# r2 4-cycle (big cubes)



## Kenneth (Sep 22, 2008)

Found a short a nice alg to do a r-turn but moving only centres (double 4-cycle) or, more useful, moving edges (single 4-cycle). Like this:

F2 M' 4x(r U2) l F2
F2 M' 4x(l' U2) r' F2 ... mirror, easiest is to use y2 to do all four.

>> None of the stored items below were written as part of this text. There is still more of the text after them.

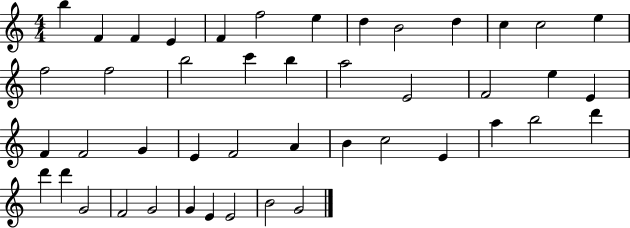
B5/q F4/q F4/q E4/q F4/q F5/h E5/q D5/q B4/h D5/q C5/q C5/h E5/q F5/h F5/h B5/h C6/q B5/q A5/h E4/h F4/h E5/q E4/q F4/q F4/h G4/q E4/q F4/h A4/q B4/q C5/h E4/q A5/q B5/h D6/q D6/q D6/q G4/h F4/h G4/h G4/q E4/q E4/h B4/h G4/h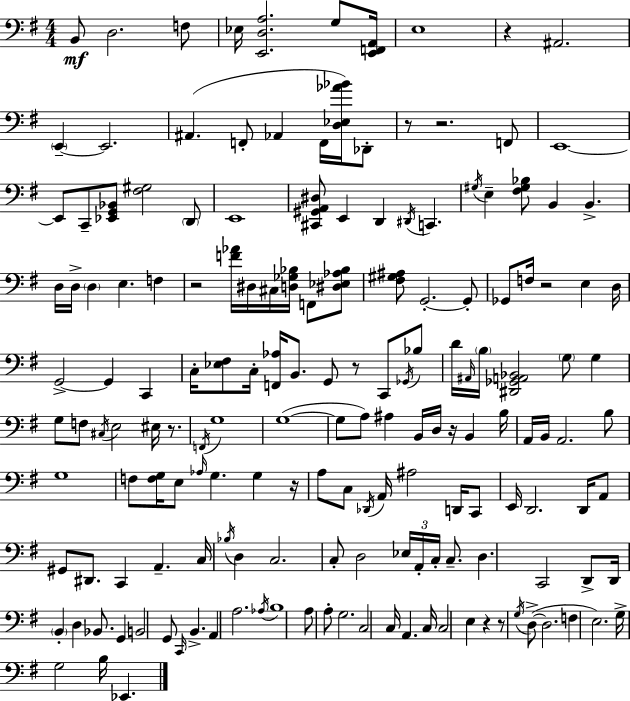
B2/e D3/h. F3/e Eb3/s [E2,D3,A3]/h. G3/e [E2,F2,A2]/s E3/w R/q A#2/h. E2/q E2/h. A#2/q. F2/e Ab2/q F2/s [D3,Eb3,Ab4,Bb4]/s Db2/e R/e R/h. F2/e E2/w E2/e C2/e [Eb2,G2,Bb2]/e [F#3,G#3]/h D2/e E2/w [C#2,G#2,A2,D#3]/e E2/q D2/q D#2/s C2/q. G#3/s E3/q [F#3,G#3,Bb3]/e B2/q B2/q. D3/s D3/s D3/q E3/q. F3/q R/h [F4,Ab4]/s D#3/s C#3/s [D3,Gb3,Bb3]/s F2/e [D#3,Eb3,Ab3,Bb3]/e [F#3,G#3,A#3]/e G2/h. G2/e Gb2/e F3/s R/h E3/q D3/s G2/h G2/q C2/q C3/s [Eb3,F#3]/e C3/s [F2,Ab3]/s B2/e. G2/e R/e C2/e Gb2/s Bb3/e D4/s A#2/s B3/s [D#2,Gb2,A2,Bb2]/h G3/e G3/q G3/e F3/e C#3/s E3/h EIS3/s R/e. F2/s G3/w G3/w G3/e A3/e A#3/q B2/s D3/s R/s B2/q B3/s A2/s B2/s A2/h. B3/e G3/w F3/e [F3,G3]/s E3/e Ab3/s G3/q. G3/q R/s A3/e C3/e Db2/s A2/s A#3/h D2/s C2/e E2/s D2/h. D2/s A2/e G#2/e D#2/e. C2/q A2/q. C3/s Bb3/s D3/q C3/h. C3/e D3/h Eb3/s A2/s C3/s C3/e. D3/q. C2/h D2/e D2/s B2/q D3/q Bb2/e. G2/q B2/h G2/e C2/s B2/q. A2/q A3/h. Ab3/s B3/w A3/e A3/e G3/h. C3/h C3/s A2/q. C3/s C3/h E3/q R/q R/e G3/s D3/e D3/h. F3/q E3/h. G3/s G3/h B3/s Eb2/q.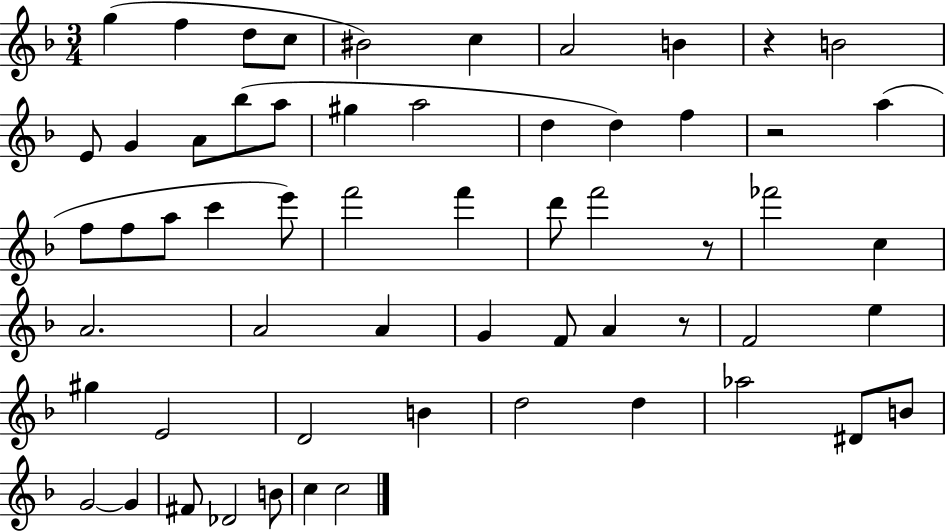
X:1
T:Untitled
M:3/4
L:1/4
K:F
g f d/2 c/2 ^B2 c A2 B z B2 E/2 G A/2 _b/2 a/2 ^g a2 d d f z2 a f/2 f/2 a/2 c' e'/2 f'2 f' d'/2 f'2 z/2 _f'2 c A2 A2 A G F/2 A z/2 F2 e ^g E2 D2 B d2 d _a2 ^D/2 B/2 G2 G ^F/2 _D2 B/2 c c2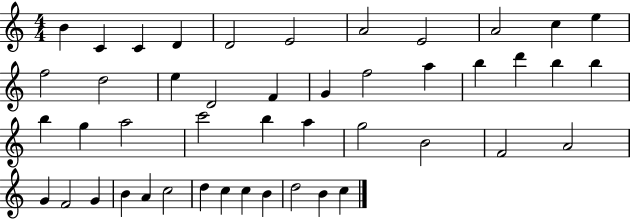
X:1
T:Untitled
M:4/4
L:1/4
K:C
B C C D D2 E2 A2 E2 A2 c e f2 d2 e D2 F G f2 a b d' b b b g a2 c'2 b a g2 B2 F2 A2 G F2 G B A c2 d c c B d2 B c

To move centres instead of edges you only need to add an r or and l in the end, (pretty obvious if you do the alg on a solved cube and then look at it =)


----------



## Lucas Garron (Sep 22, 2008)

U2 r U2 r U2 r U2 r U2 r U2 ?
Also, why call this r2?


----------



## mrCage (Sep 22, 2008)

Kenneth said:


> Found a short a nice alg to do a r-turn but moving only centres (double 4-cycle) or, more useful, moving edges (single 4-cycle). Like this:
> 
> F2 M' 4x(r U2) l F2
> F2 M' 4x(l' U2) r' F2 ... mirror, easiest is to use y2 to do all four.
> ...


 
Hi 

Chris Hardwick found this about 4 yrs ago. Nothing new

Per


----------



## Kenneth (Sep 22, 2008)

Aha, but for most people it probably is.

Lucas, because it solves parity for the r2 style = does a r or a r' to the slice you use but only for edges so you break multiple 2-cycles into new ones or watever, it must be useful somehow


----------